娘親生怕我出事,只許我跟在她身邊,哪怕我早已是大淮數一數二的高手。
我從未見過那般慘烈的場景。
鮮血染紅了大半的沙漠,遠遠望去像一朵盛開的食人花。
艷麗卻又殘忍。
上一刻還微笑著同我說話的少年,下一刻便慘死在血泊里,甚至連雙眼都沒來得及閉上;每個士兵的衣服口袋裡,都繡著一封家書,若他陣亡,倖存者便幫他寄回去。

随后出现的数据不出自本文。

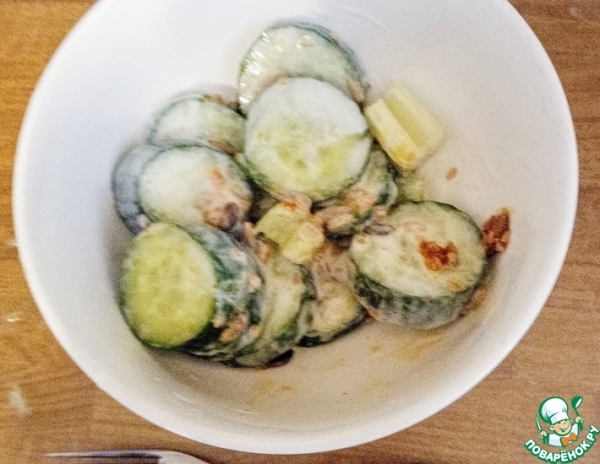 Салат с огурцом, сельдереем и йогуртом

我終於知道為何每次打仗歸來,不論勝負,娘親的臉色總很凝重,把自己關在佛堂一跪便是一整天。
她在祭奠,那些死去的同僚。
我也想成為娘親那樣的人,那樣坐守江州,便能讓北疆士兵聞風喪膽的鎮國將軍。
可我更想成為比娘親還要厲害的人,我想馬踏北疆,讓我大淮邊境再無人敢犯。
29
娘親不許我上戰場。
我便打扮成男子模樣,混在隨軍里。
誰料跟我分在同一間帳篷的兩個小鬼頭是沈鈺和逄遠,他倆話多,一路下來倒也不覺得悶,只是倆小孩半夜總纏著我教槍法。
聽聞為了跟娘親去北疆歷練,他倆直接求到了御前。
沈鈺很會吹彩虹屁:「沈姐姐,你就教教我們吧。那天在校場驚鴻一瞥,我便被姐姐的雁翎槍法折服了。」
他又補了句:「聶將軍也是呢。他說姐姐曾救過他性命。什麼時候呀?是在戰場上嗎?」
原來竟是這般。
只是我救過的人太多了,也就記不清了。
30
剛到江州,我便收到了葉淮安的來信。
很短,只有四個字——盼君凱旋。
這又談何容易?
我爹在盛京等了我娘半生,到如今也沒能團圓。
娘親見到我後,悠悠嘆了口氣。
曾經她擔憂高僧對我的預言,不願讓我以身犯險,如今似乎是想開了,她是攔不住我的。
我被扔到了軍營里,從最底層的小兵做起,到伍長、什長……到娘親的副官。
往常大淮駐邊的將領,很少有人去主動進攻。
因為北疆啊,是一片大漠。
若迷了路可就走不出來了。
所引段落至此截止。